Perkembangan
BAHASA ANAK
Pengetahuan tentang hakikat
perkembangan bahasa anak dan tahap-tahap perkembangan bahasa anak sangat
penting bagi pelaksanaan pembelajaran bahasa anak. Itulah sebabnya guru SD
perlu menguasai berbagai konsep yang terkait dengan perkembangan bahasa anak.

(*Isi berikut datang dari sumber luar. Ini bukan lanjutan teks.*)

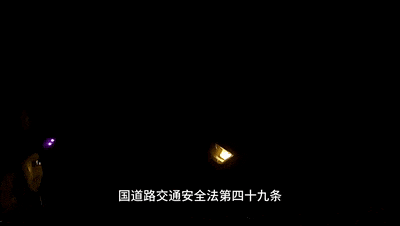 超员了吗？司机：没有没有，7个人！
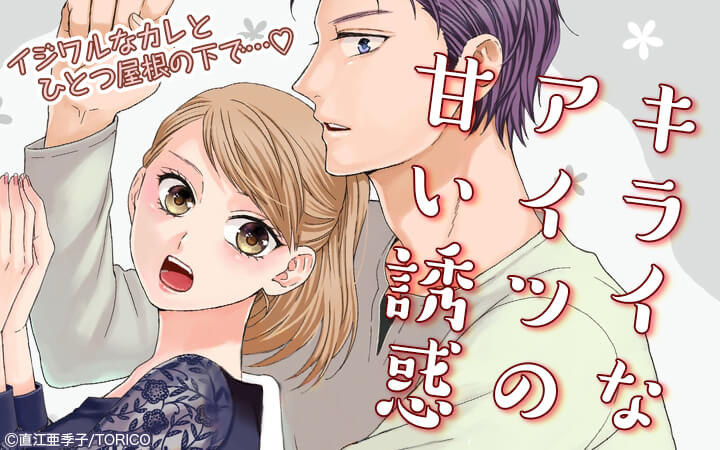 ひとつ屋根の下で…キライなアイツの甘い誘惑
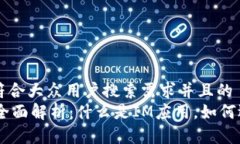 思考一个符合大众用户搜索需求并且的 IM应用的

1. Hakikat Perkembangan Bahasa Anak
Darjowidjojo (Tarigan dkk., 1998)
mengungkapkan bahwa pemerolehan bahasa anak itu tidaklah tiba-tiba atau
sekaligus, tetapi bertahap. Kemajuan kemampuan berbahasa mereka berjalan
seiring dengan perkembangan fisik, mental, intelektual, dan sosialnya. Oleh
karena itu, perkembangan bahasa anak ditandai oleh keseimbangan dinamis atau suatu
rangkaian kesatuan yang bergerak dari bunyi-bunyi atau ucapan yang sederhana
menuju tuturan yang lebih kompleks. Tangisan, bunyi-bunyi atau ucapan yang
sederhana tak bermakna, dan celotehan bayi merupakan jembatan yang mefasilitasi
alur perkembangan bahasa anak menuju kemampuan berbahasa yang lebih sempurna.
Bagi anak, celoteh merupakan semacam latihan untuk menguasai gerak
artikulatoris (alat ucap) yang lama kelamaan dikaitkan dengan kebermaknaan
bentuk bunyi yang diujarkannya.
2. Tahap-tahap Perkembangan Bahasa Anak
1. Tahap Pralingustik (0 – 12 bulan)
Sebelum mampu
mengucapkan suatu kata, bayi mulai memperoleh bahasa ketika berumur kurang dari
satu tahun. Namun pada tahap ini, bunyibunyi bahasa yang dihasilkan anak
belumlah bermakna. Bunyi-bunyi itu berupa vokal atau konsonan tertentu tetapi
tidak mengacu pada kata atau makna tertentu. Untuk itulah sehingga perkembangan
bahasa anak pada masa ini disebut tahap pralinguistik (Tarigan, 1988; Tarigan
dkk., 1998; Ellies dkk.,1989). Bahkan pada awalnya, bayi hanya mampu mengeluarkan
suara yaitu tangisan. Pada umumnya orang mengatakan bahwa bila bayi yang baru
lahir menangis, menandakan bahwa bayi tersebut merasa lapar, takut, atau bosan.
Sebenarnya tidak hanya itu saja terjadi. Para peneliti perkembangan mengatakan
bahwa lingkungan memberikan mereka halangan tentang apa yang dirasakan oleh
bayi, bahkan tangisan itu sudah mempunyai nilai komunikatif.
Bayi yang
berusia 4 – 7 bulan biasanya sudah mulai mengahasilkan banyak suara baru yang
menyebabkan masa ini disebut masa ekspansi
(Dworetzky, 1990). Suara-suara baru itu meliputi: bisikan, menggeram, dan
memekik. Setelah memasuki usia 7 – 12 bulan, ocehan bayi meningkat pesat.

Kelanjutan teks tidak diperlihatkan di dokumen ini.